Alain Ilhe gère l’instruction du dossier qu’il accompagne ensuite jusqu’à la levée de fonds. Sans entrave, la levée de fonds d’un montant de 800 K€ est réalisée dans le courant du 1er semestre 2012. En plus de Business Angels Investessor, deux fonds investissent dans le projet : Mancey Capital Management et Calao Finance.

Une commercialisation ciblée

Si la technologie est trop coûteuse pour intéresser un marché de particuliers, elle séduit considérablement les salles de cinéma qui y voient l’opportunité d’offrir une nouvelle expérience à leurs clients, de même que les studios de télévision qui peuvent diffuser un son d’une qualité inégalée, sans fluctuation. Toutefois, en dépit des bons résultats précédemment présentés, le chiffre d’affaires se creuse.

Un Conseil d’Administration divisé

Contrairement à la majorité des startups qui ont un statut en SAS, Trinnov est une Société Anonyme, constituée par conséquent d’un Conseil d’Administration. Les trois fondateurs sont membres de ce conseil (l’un d’eux en est le Président) de même qu’Alain Ilhe et Mancey Capital Innovation, au titre de représentants des investisseurs. Calao en est censeur et ne dispose pas du droit de vote.

Face à un Président peu enclin à écouter les recommandations de ses investisseurs, ces derniers doivent souvent forcer les décisions et exiger de formaliser les échanges dans les procès-verbaux de réunion du Conseil d’Administration. Les points litigieux portent notamment sur l’export, des recrutements peu adéquats, ou encore des contrats de distribution mal conçus. A plusieurs reprises, les investisseurs interviennent pour redresser des situations et orienter des décisions qui, autrement, pourraient être problématiques pour le devenir de l’entreprise. Alain Ilhe se souvient des relations compliquées avec les fondateurs pendant les Conseils d’Administration et des enjeux pour les investisseurs, qui ont du mal à se faire entendre : « Les Conseils d’Administration ont été compliqués à gérer. Les porteurs avaient trois voix, contre seulement deux pour les investisseurs. Et en plus de la majorité, ils étaient difficiles à convaincre. Nous avons dû hausser le ton pour faire passer certaines décisions. Même si un entrepreneur doit défendre son point de vue, il doit aussi se montrer attentif aux retours que lui font ses investisseurs ».

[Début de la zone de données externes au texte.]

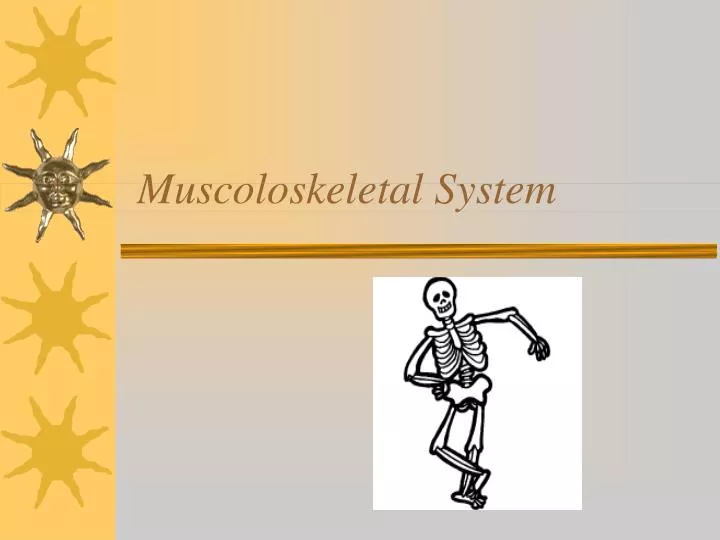 muscoloskeletal system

Après de nombreux efforts, l’activité repart, atténuant le creux précédemment constaté dans le chiffre d’affaires. En 2016, Trinnov affiche un chiffre d’affaires de 4 millions d’euros et un EBITDA positif d’un demi million d’euros.

Une sortie qui se fait attendre

Au début de l’année 2017, les investisseurs présents au Conseil d’Administration pressent les trois fondateurs de trouver une réponse à la clause de liquidité du Pacte d’actionnaires, dont l’échéance est fixée au 31 décembre 2017. Les fondateurs, peu enclin à céder leurs parts, semblent retarder leur décision. Or les Business Angels, en plus d’être motivés par les difficultés de communication avec le management, constatent que la startup s’apprête à passer le cap de la PME et pressentent un risque pour leur investissement.

Sous la pression des Business Angels, les fondateurs finissent par faire une proposition de rachat des parts des investisseurs, par un family office. Alain Ilhe nuance cette sortie : « Nous avons fait un multiple de 2,3 qui aurait cependant pu être plus important si l’intégralité du capital avait été vendue. C’est aussi le rôle du Business Angel de provoquer la sortie et de savoir « lâcher » le projet. C’est le côté « angel » de l’activité, qui consiste à sortir du capital, même si les conditions ne sont pas optimales, pour laisser l’entrepreneur voler de ses propres ailes ».